Personal information
- Full name: Jac Norris
- Date of birth: 9 November 2006 (age 19)
- Position: Midfielder

Team information
- Current team: Bristol Manor Farm

Youth career
- Cwmbran Celtic
- 0000–2023: Newport County

Senior career*
- Years: Team / Apps / (Gls)
- 2023–2026: Newport County / 3 / (0)
- 2025: → Briton Ferry Llansawel (loan) / 1 / (0)
- 2025–2026: → Llanelli Town (loan) / 17 / (2)
- 2026: → Barry Town United (loan) / 4 / (0)
- 2026–: Bristol Manor Farm / 0 / (0)

= Jac Norris =

Welsh footballer (born 2006)

Jac Norris (born 9 November 2006) is a Welsh footballer who plays as a central midfielder for Southern Football League club Bristol Manor Farm.

==Career==
Norris came through the youth set-up at Cwmbran Celtic before joining the academy at Newport County. During the 2022-23 season he played for the club's under 18 side as an under 16 player. He made his first team debut for Newport in EFL League Two against Grimsby Town on 6 April 2024. On 14 June 2024 Norris signed his first professional contract with Newport County.

On 3 January 2025, Norris joined Cymru Premier side Briton Ferry Llansawel on loan for the remainder of the 2024-25 season. In September 2025 Norris joined Cymru Premier side Llanelli Town on loan for the 2025-26 season.
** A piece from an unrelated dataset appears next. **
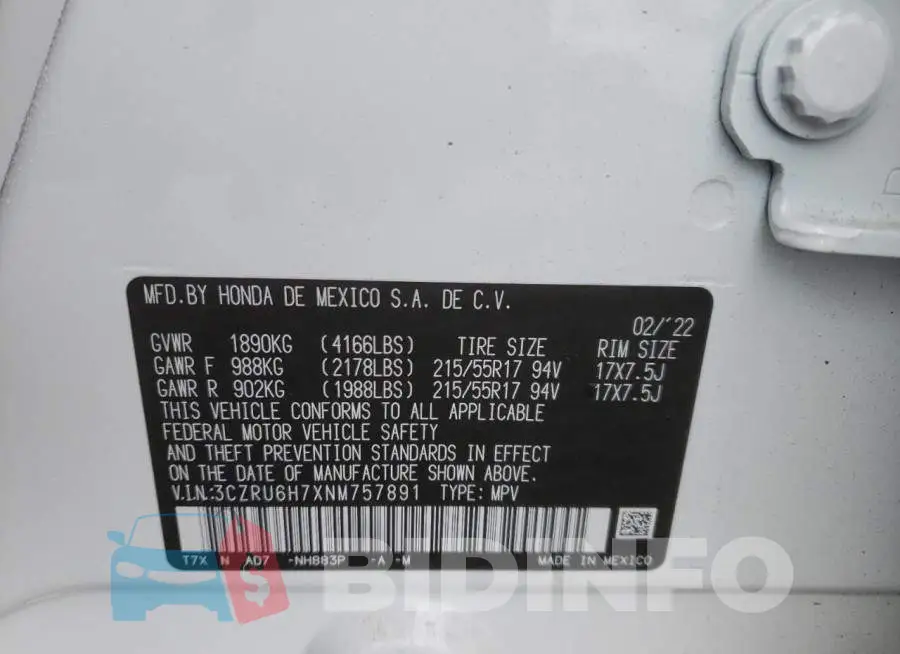 3CZRU6H7XNM757891 Photo# 12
He was recalled by Newport in January 2026. On 2 February 2026 he joined Cymru Premier side Barry Town United for the remainder of the 2025-26 season

He was released by the club at the end of the 2025–26 season. In July 2026 Norris joined Bristol Manor Farm.

==Style of play==
A midfield player, he was described as "brave on the ball" by the Newport manager Graham Coughlan in April 2024.